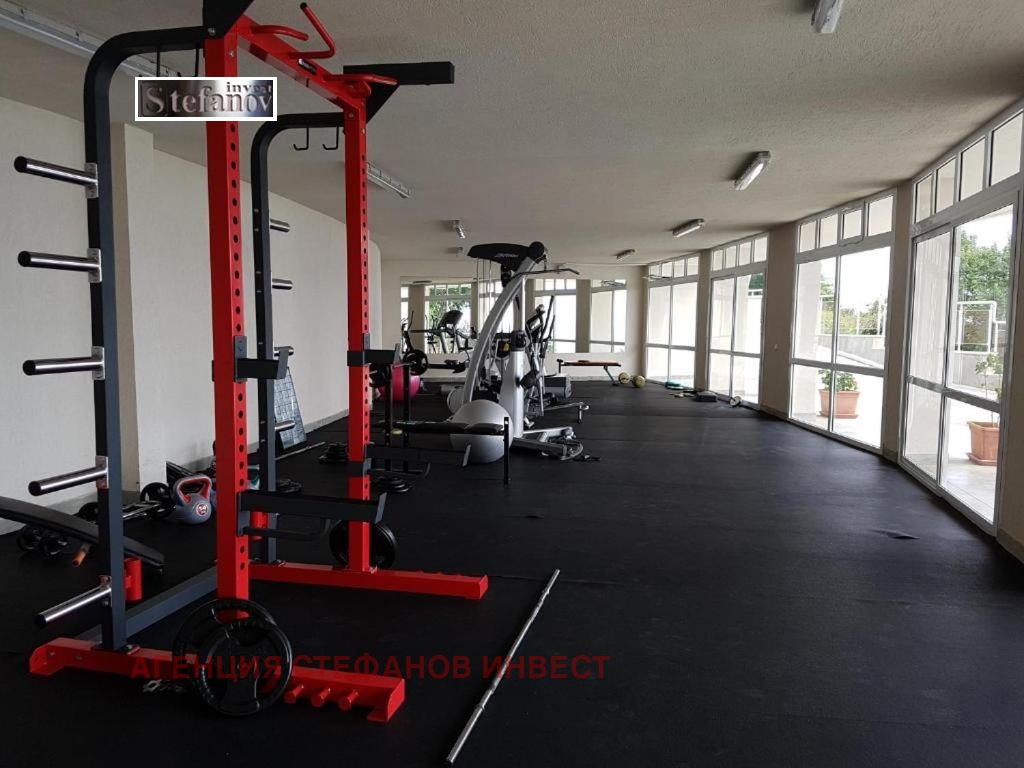 ������� 2-����� | Imot.bg � ����������� 17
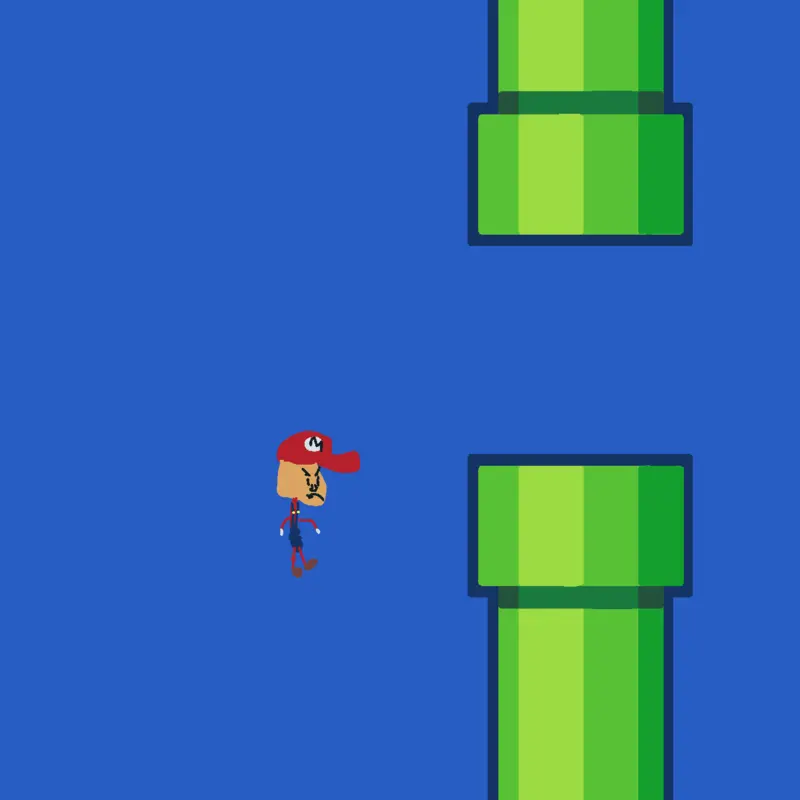 Game by @Alexandreous-OgAccount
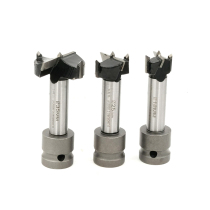Electric Wrench Drill drill Wood Private open pore machine formwork Wood Slats Eye-hole Drill Plate Tabletop Drilling Holes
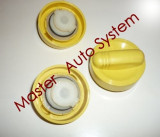 Buson ulei motor diesel Renault Megane 2( pt an fab &#039;03-&#039;09), MEGANE II limuzina (LM0/1_) - [2003 - 2009]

Activity >>
Repeat the listing above word for word. Do not include the pictures.

Reply >>
 ������� 2-����� | Imot.bg � ����������� 17
 Game by @Alexandreous-OgAccount
Electric Wrench Drill drill Wood Private open pore machine formwork Wood Slats Eye-hole Drill Plate Tabletop Drilling Holes
 Buson ulei motor diesel Renault Megane 2( pt an fab &#039;03-&#039;09), MEGANE II limuzina (LM0/1_) - [2003 - 2009]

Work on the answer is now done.